Language

Project

2025.02

レジデンス No.4

シェフ・イン・レジデンス第4弾では、東京・六本木のインド料理レストラン「Nirvana New York」(ニルヴァーナ・ニューヨーク)でシェフを務め、インド料理の枠を超えたモダンインディアンと日本の食文化を融合させながら、アーユルヴェーダ(生命科学)や薬膳などの考え方を取り入れた独自のスタイルを貫く引地翔悟氏に、6日間佐賀に滞在していただきました。

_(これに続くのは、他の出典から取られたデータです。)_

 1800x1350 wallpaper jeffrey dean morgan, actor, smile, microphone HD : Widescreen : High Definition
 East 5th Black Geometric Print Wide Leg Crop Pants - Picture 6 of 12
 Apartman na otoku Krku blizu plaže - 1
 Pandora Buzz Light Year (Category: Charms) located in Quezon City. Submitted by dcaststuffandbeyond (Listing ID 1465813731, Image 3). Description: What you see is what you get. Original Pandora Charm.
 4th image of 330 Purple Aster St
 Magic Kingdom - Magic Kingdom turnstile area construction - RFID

実は、このレジデンスの3か月前、サガマリアージュツアーに参加されていた引地シェフ。
佐賀県内を回って食材や器の生産地を訪問するうちに、佐賀の土地でより深く食と向き合ってみたいという想いが生まれ、今回のレジデンスに繋がりました。

滞在中、小城市の「はしま海苔」さんを訪問した日は、船に乗って有明海へ。潮が引いたときだけに出現する「牡蠣礁」に上陸することができました。放っておくと積み重なる牡蠣が潮の流れを変えたり、海苔養殖の妨げになったりするという牡蠣礁。一方で、牡蠣礁になる牡蠣の一種で、有明海のみに生息する「スミノエガキ」は、真牡蠣の2倍ほどの大きさと強い甘味を持つと言われています。
まだまだ市場に出回ることが少ないスミノエガキのことを、もっと多くの料理人の方にも知ってもらいたいと言う代表の橋間さんの話を聞き、「こんなに美味しい牡蠣を活用しないのはもったいない」と引地シェフの関心も高まっていきました。そして、「殻を取り、火入れして出荷ができれば、レストランでも取り扱いしやすくなるのではないか」という引地シェフの意見は、橋間さんにとっても今後の流通を考える上で良いヒントになったようです。

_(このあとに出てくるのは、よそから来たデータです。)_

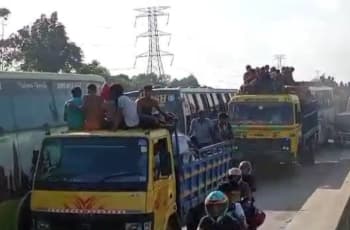 টাঙ্গাইল মহাসড়কে ৩০ কিলোমিটারজুড়ে থেমে থেমে চলছে গাড়ি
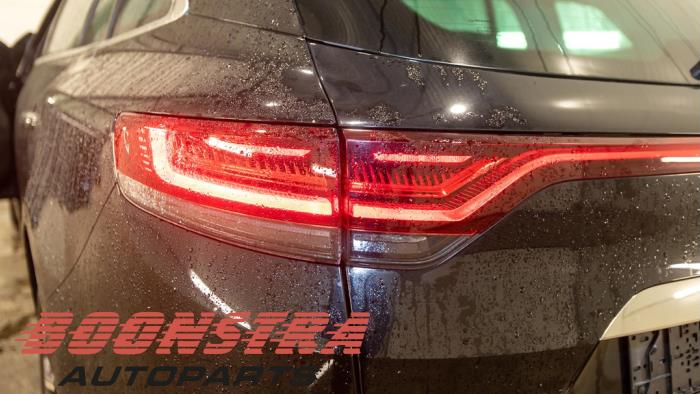 Renault Megane IV Estate 1.3 TCE 160 16V Vehículo de desguace (2021, Negro)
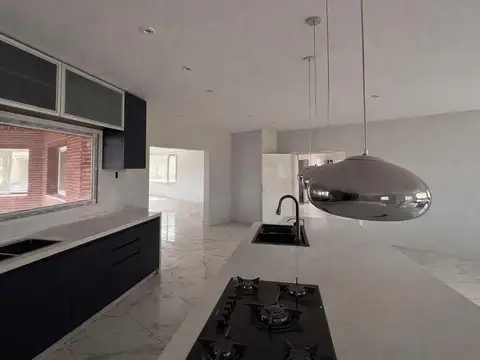 Casa en Alquiler con 2 cocheras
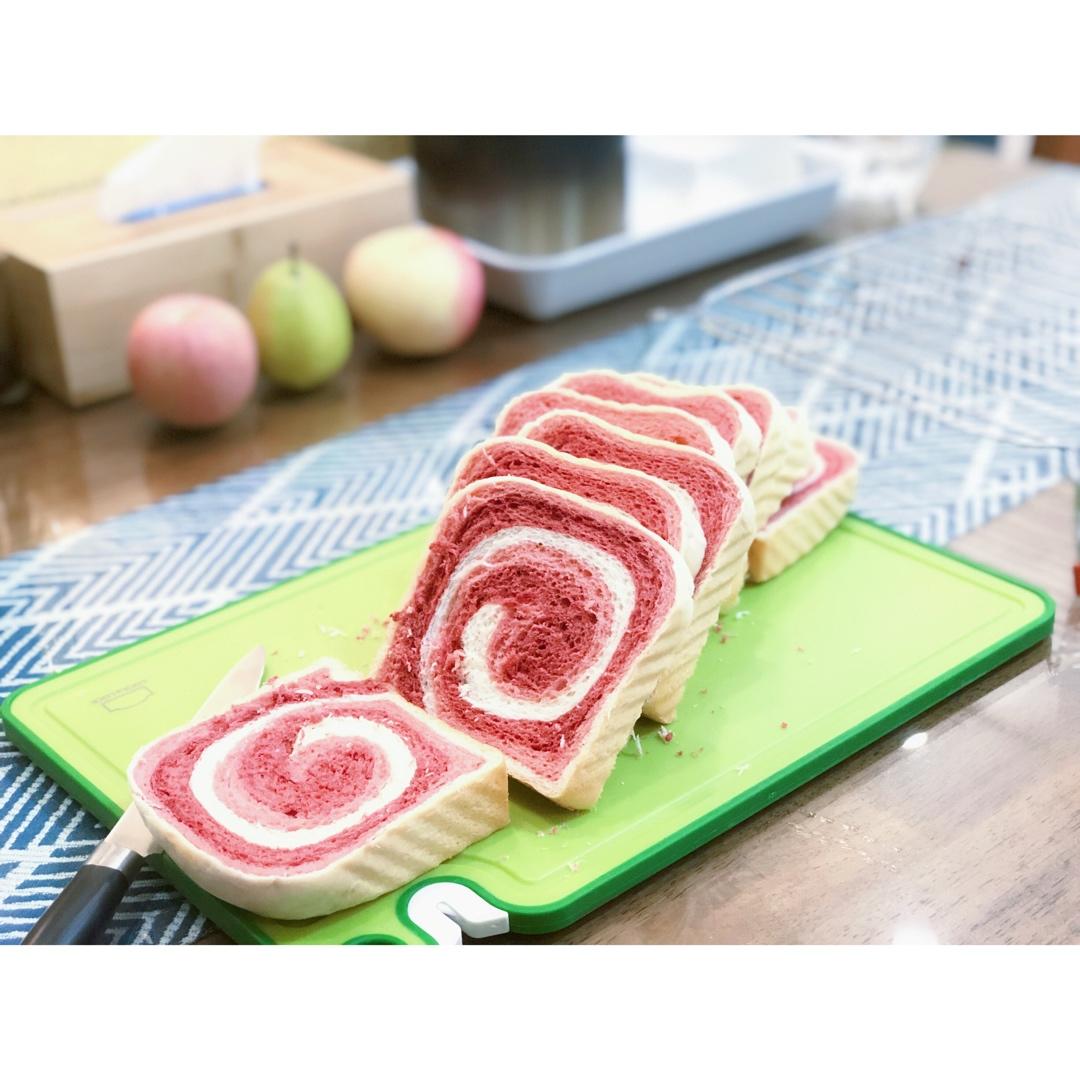 少女心粉嫩漩涡吐司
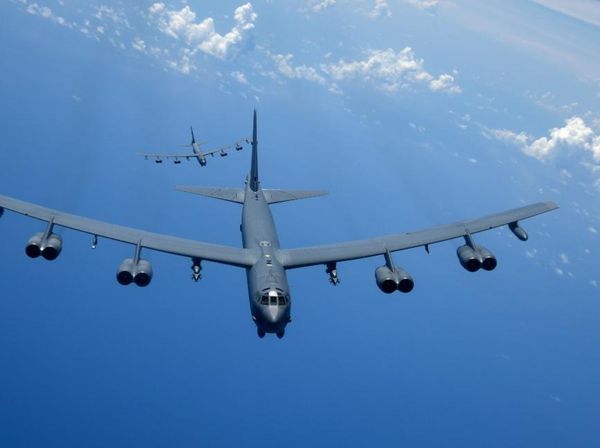 Gagahnya Pesawat Pengebom AS yang Bikin Sukhoi Rusia Melesat
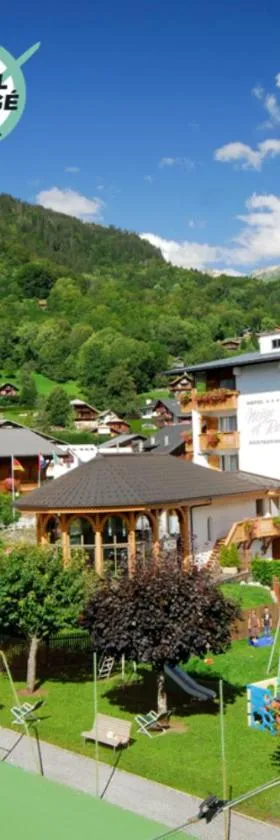 Chalet-Hôtel Neige et Roc, The Originals Relais，位于萨莫安斯的酒店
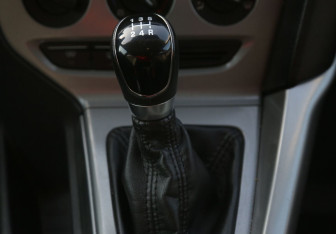 Подержанный автомобиль Ford Focus Hatchback 2011 года (13 фото)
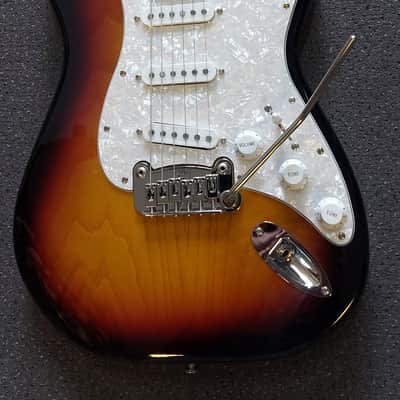 G&L Tribute Series Legacy with Rosewood Fretboard 3-Tone Sunburst image 3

また、もともと色彩や香りへの関心が強く、学生時代は認知心理学を学んでいたという引地シェフ。嬉野茶の原点である「古式釜炒り茶」を継承し、自然の営みをお茶に映しながら自然と人がつながるお茶を作る「あはひの」の松尾さんを訪れた際には、お茶そのものの香りや味わいに感動すると同時に、松尾さんのお茶や自然に対する分析や考えに深く共感し、新しい気づきも多く得られたようでした。

そして、引地シェフからの提案により開催された最終日前夜のシェフズテーブルでは、滞在中に訪問した生産者の皆さんを招待し、それぞれの食材を使った5品の料理が披露されました。
佐賀の食材を感じたままに、スパイスと組み合わせる引地シェフの料理に、興味津々の皆さん。
また引地シェフの料理を中心に、普段は関わることがない県内の生産者同士がお互いに顔を合わせ、それぞれの取組や考えを共有し合う貴重な時間にもなっていたようです。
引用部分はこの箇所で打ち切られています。